**About this task**. Print the listing below only from the line that has "Авто Volkswagen Golf 2004 № 7369465" through the line that has "Snapshot of jennykiss11", exactly, and drop any picture.

**Supplied entries**.
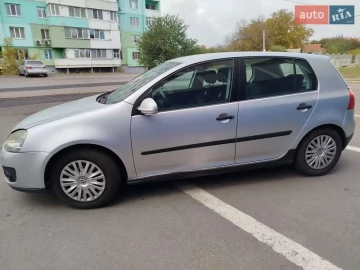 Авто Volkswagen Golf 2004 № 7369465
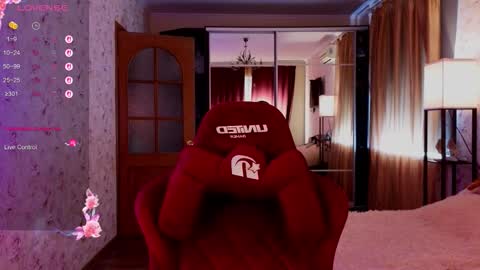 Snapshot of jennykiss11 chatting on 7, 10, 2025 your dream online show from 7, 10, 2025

==

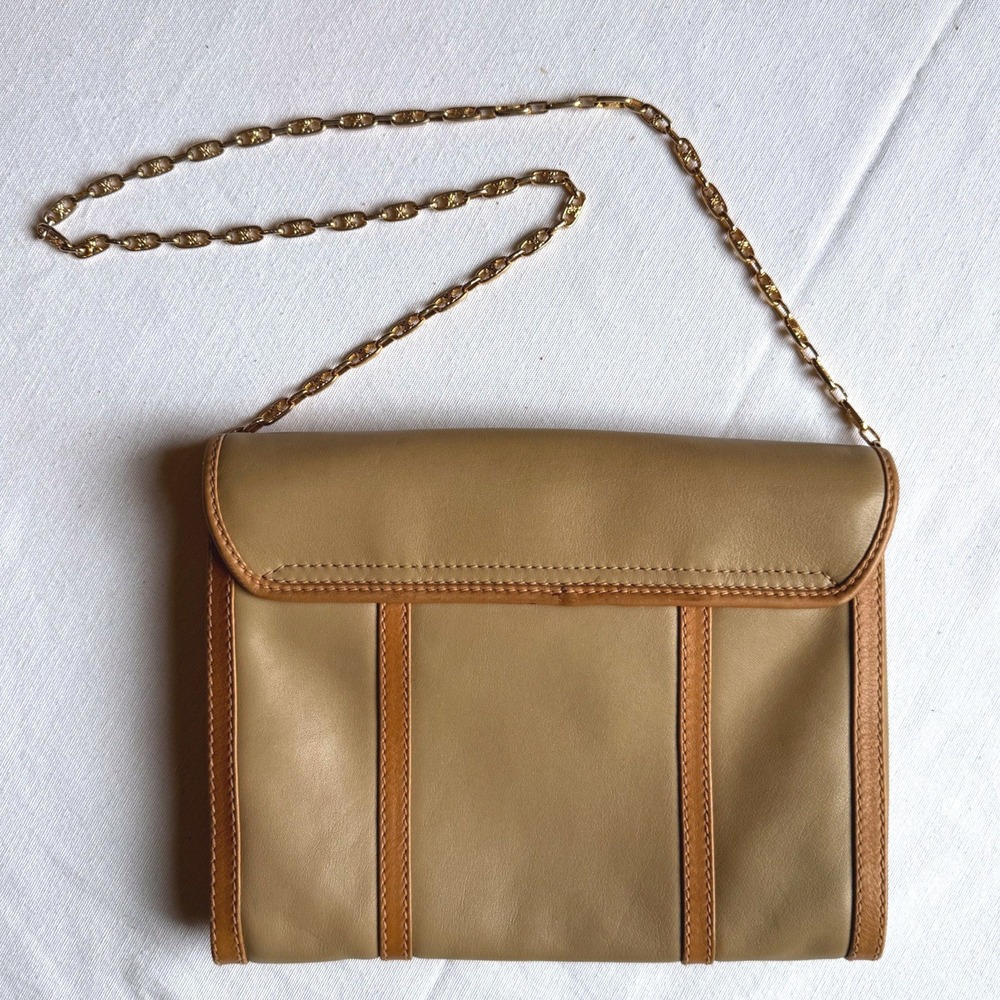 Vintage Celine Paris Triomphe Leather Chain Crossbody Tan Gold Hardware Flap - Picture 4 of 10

**Task answer**.
 Авто Volkswagen Golf 2004 № 7369465
 Snapshot of jennykiss11 chatting on 7, 10, 2025 your dream online show from 7, 10, 2025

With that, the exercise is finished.